My Bookprint: Magic and Mystery

Constance Gibbs  //  Feb 22, 2021

My Bookprint: Magic and Mystery

When I was a kid, I brought books with me everywhere. To the park, in the car for a trip to the grocery store, to church. It drove people mad. My normal life was boring, so I thought a lot about stories where kids solved crimes, where princesses reigned, and where magic was abundant. Here are some of the books that shaped me as a young reader.

The Harry Potter Series

My life has, in many ways, come full circle now that I work at Scholastic. Harry Potter has been my life from age 12 until now. My grandma took me to Barnes and Noble day of release to get them, and I wouldn’t speak to anyone until I was done. When Harry Potter and the Goblet of Fire came out, I got it in the morning and stayed awake until 8am the following day. I hadn’t slept but I still had to go to church. The following release I brought Harry Potter and the Order of the Phoenix to a family picnic. A family picnic! I’m a Hufflepuff, an expert sorter, and some of my closest friends come from listening to a Harry Potter podcast where I finally found readers like me who loved it the way I did (hi #WizardTeam friends!). It’s truly affected my life in millions of small ways. 

A Series of Unfortunate Events

When I was a kid, my grandma worked craft shows. She sold crocheted baby clothes at malls in or around New York state. So I’d spend a lot of weekends sitting in a chair or on the floor of some mall or another, doing homework or reading. I’d walk around and look at things I couldn’t afford, but best of all, I’d go to the bookstore in the mall. (Except the mall we went to most frequently, which didn’t have a bookstore. Absolutely tragic.) I would sit in the bookstore for hours, like it was a library. I think the employees caught on to the fact that there was a craft show because rarely did anyone ever kick me out or ask questions. One weekend, I went to Borders (miss you!) and found A Series of Unfortunate Events. Besides loving this series about sad orphans with sassy and sparkling narration, I also listened to NSYNC’s Celebrity album in the music section of Borders. I did this alternately all weekend. Read some ASOUE, listen to some NSYNC. Now the two things go together in my head forever. Weird. 

The Sammy Keyes Series

I love mysteries. Whenever I look back on what I loved as a child, sure Harry Potter tops the list, but I sometimes forget to give mysteries their due. I mean, what drew me to Harry Potter was the mystery aspect of the first few books! So when I tell you my girl was Sammy Keyes? I mean it. I still have at least 9 of the books in this series. I wanted to write mysteries like Sammy Keyes and the Hotel Thief. Sammy lived with her grandma too, so I related to her a lot. I liked Encyclopedia Brown first, but Sammy Keyes had real personality. She was the gateway to Agatha Christie spell that followed. I think if I were to ever write a book (do all Scholastic employees have this distant dream?) I’d want it to be a middle grade mystery. 

The Royal Diaries Series

I wasn’t an American Girl girl, I was a Royal Diaries girl. I only owned two of these books, but I read about Cleopatra and Elizabeth I over and over again. Ancient Egypt and the Tudors are a popular era-obsession for many millennials and these were mine. They’re not my first or favorite princess stories, but I read them often and they represent that side of me that loves princesses and maybe wished I was one. 
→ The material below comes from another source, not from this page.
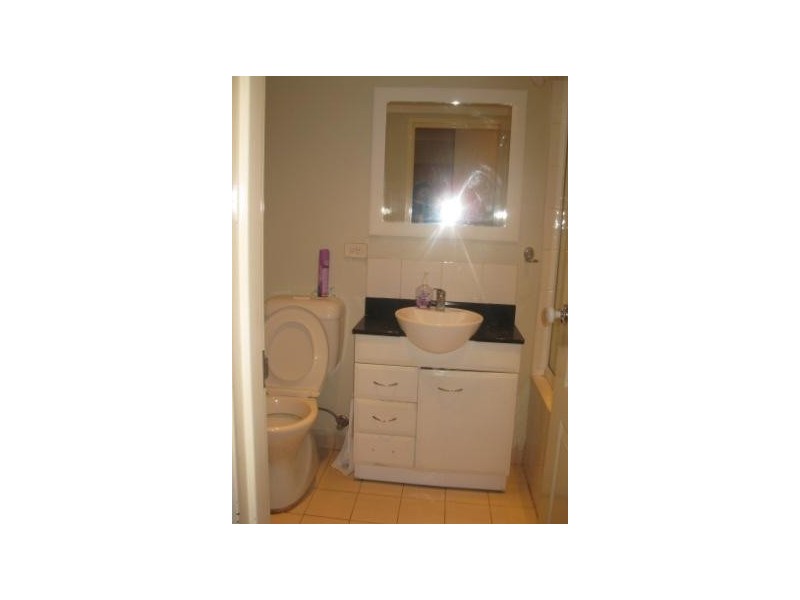 2/20-22 Clifton Street, Blacktown NSW 2148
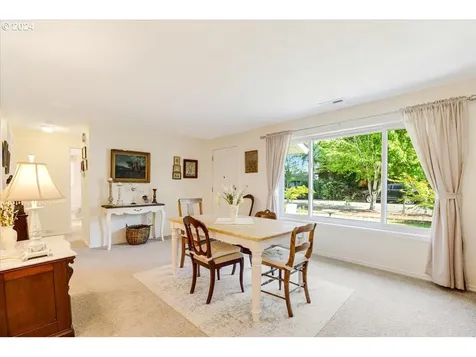 406 E Cambridge Drive Newberg OR 97132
Treasury of Bedtime Stories

Exactly what it says on the cover, this was a book of fairy tales published in the mid-90s. Goldilocks, Hansel and Gretel, The Pied Piper of Hamelin, the usual suspects. It had a blue cushy cover, a ribbon to mark your place, and gold. leaf. edges. It was so fancy! My copy is now not so fancy because I read this book until it fell apart. I still have it, it doesn’t have a cover, young me wrote in it, folded the pages, spilled spaghetti stains, you name it. It was the first book that sparked my love of fairy tales. I go through phases of being obsessed with fairy tale retellings, I’m a huge Disney fan, and, now, I like to seek out fairy/folk tales that expand beyond this Western European canon.

The majority of the books I read as a kid weren’t written by BIPOC authors, and didn’t feature many BIPOC characters. As a reader, the characters didn’t look like me in the fantastical worlds I preferred. I didn’t understand until my early 20s how much that affected me. My own stories never went very far, and this explains why. I was writing about people I had no connection to, I wasn’t writing any part of myself into these little stories because I didn’t read many books with characters like me. 

Now, kids today have access to books I didn’t have. And I hope it makes their reading journey all the more exciting to be able to see kids like themselves, no matter who they are, in far off places, solving crimes, wielding powerful magic. I’m so happy that I can proudly say Scholastic makes these kinds of books. Like I said, full circle.